AIM OF THE EXERCISE:
Copy exactly, and only, the lines from the one with "ADMIRATION LACE FORMAL DRESS" to the end of the listing; omit pictures.

EXTRACTED ENTRIES:
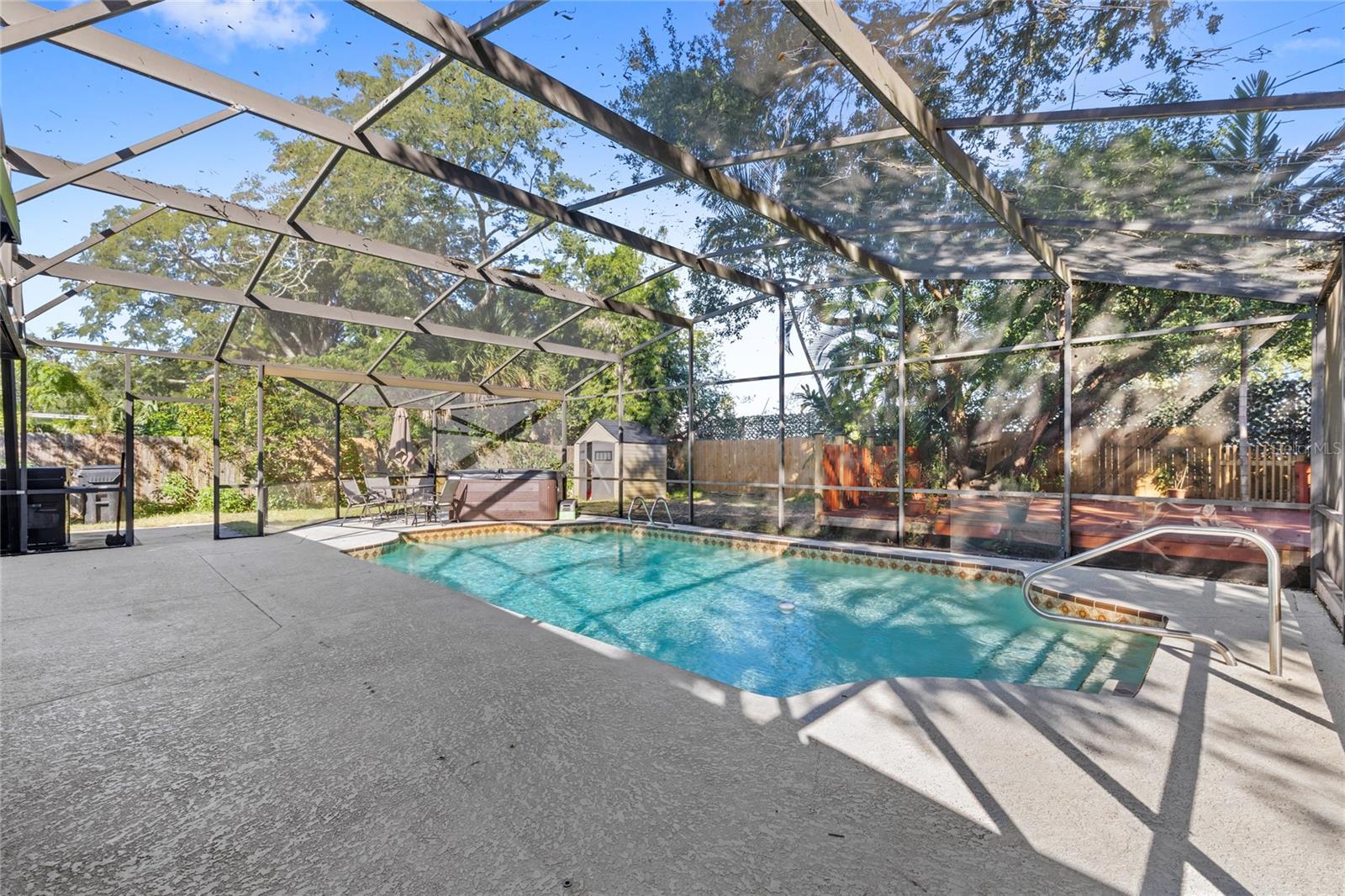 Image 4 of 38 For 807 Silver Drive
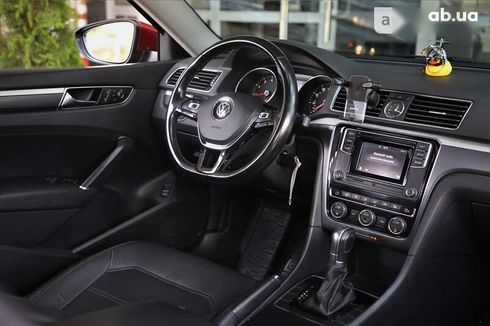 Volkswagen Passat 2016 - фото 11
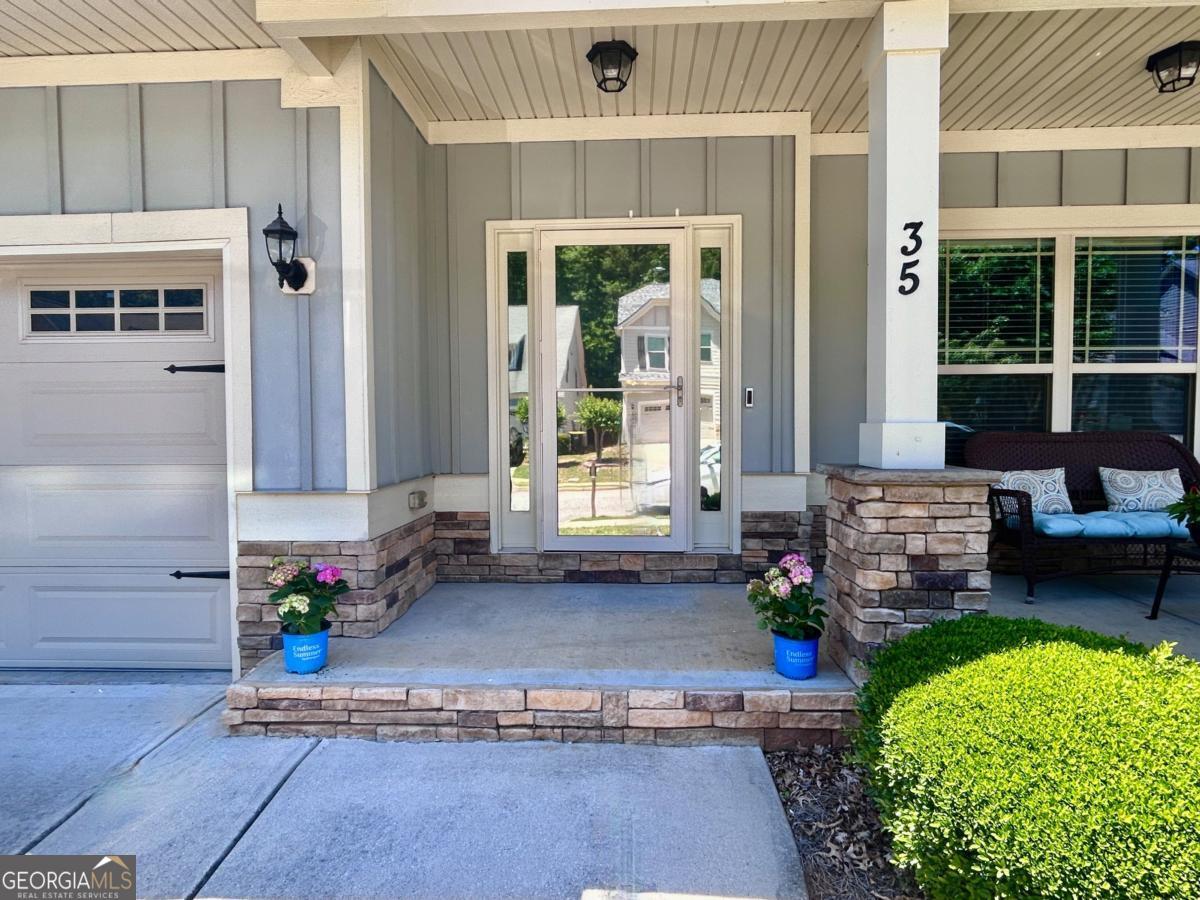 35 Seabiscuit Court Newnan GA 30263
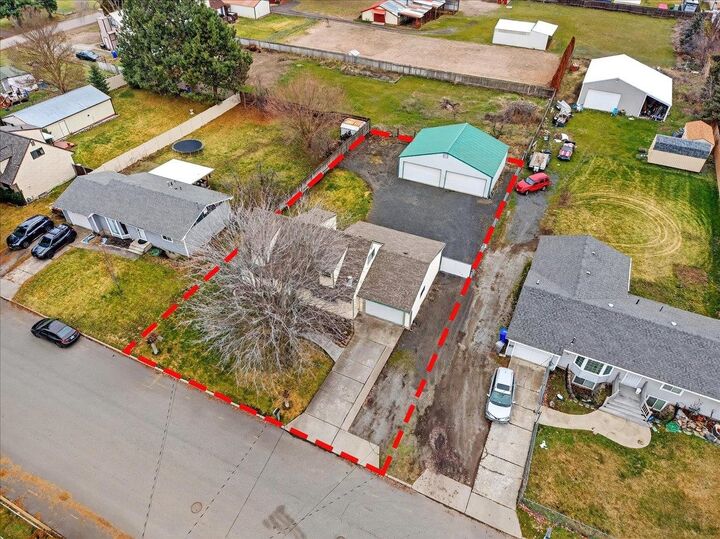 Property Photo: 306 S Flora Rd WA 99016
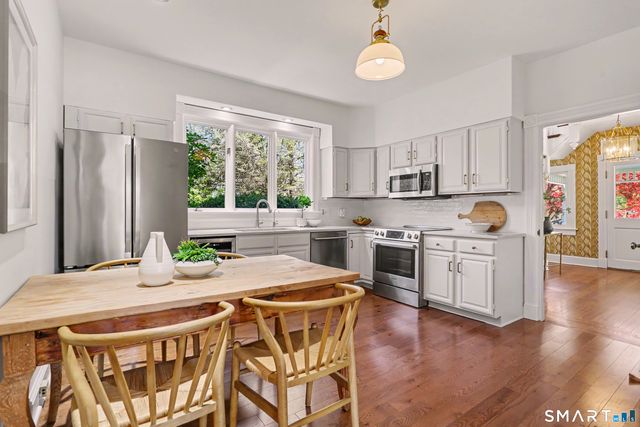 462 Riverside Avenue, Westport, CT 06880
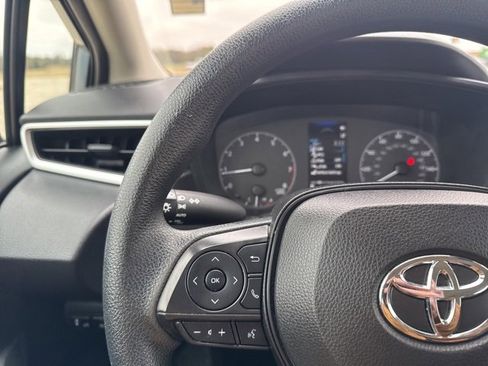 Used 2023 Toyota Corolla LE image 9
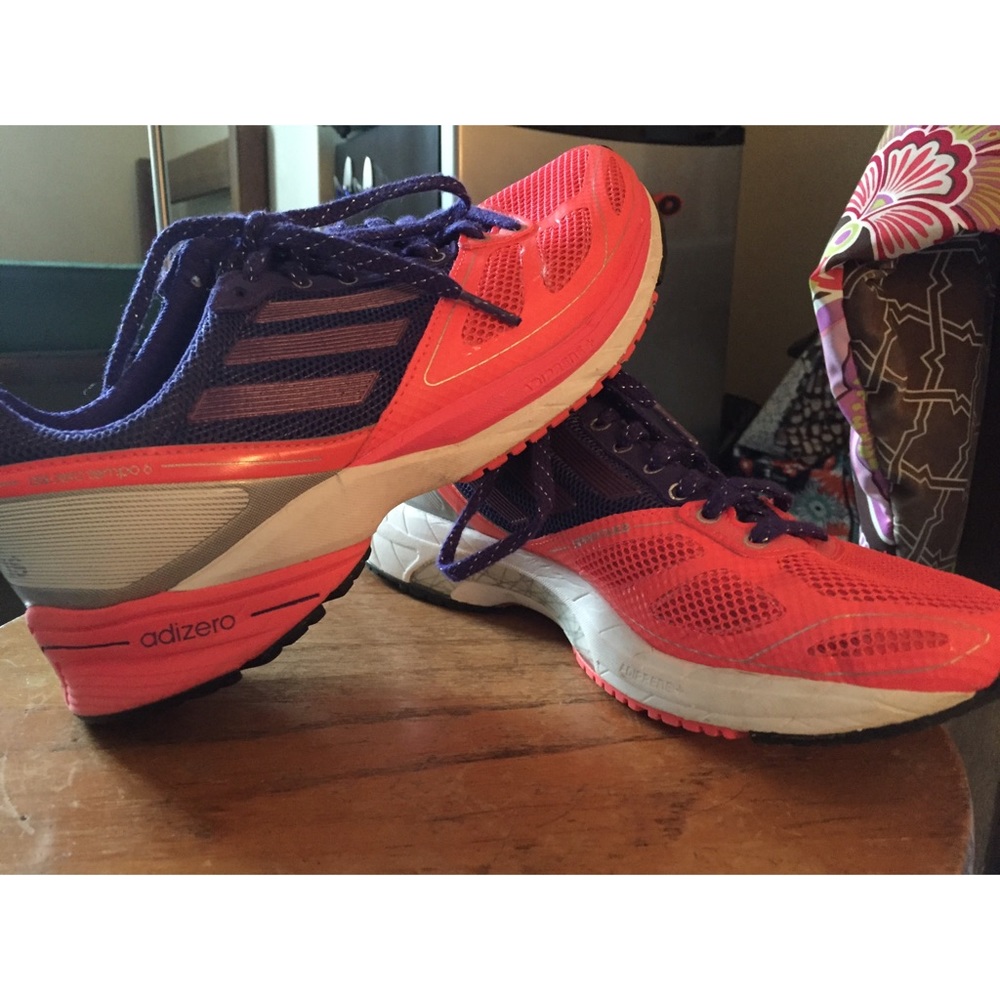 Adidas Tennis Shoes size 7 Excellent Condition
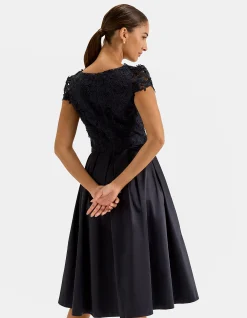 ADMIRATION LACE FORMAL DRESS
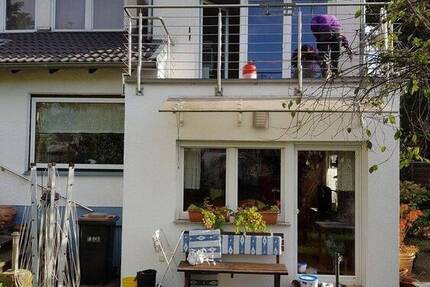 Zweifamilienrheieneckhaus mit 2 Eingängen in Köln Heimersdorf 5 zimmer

RESULT FOR THIS TASK:
 ADMIRATION LACE FORMAL DRESS
 Zweifamilienrheieneckhaus mit 2 Eingängen in Köln Heimersdorf 5 zimmer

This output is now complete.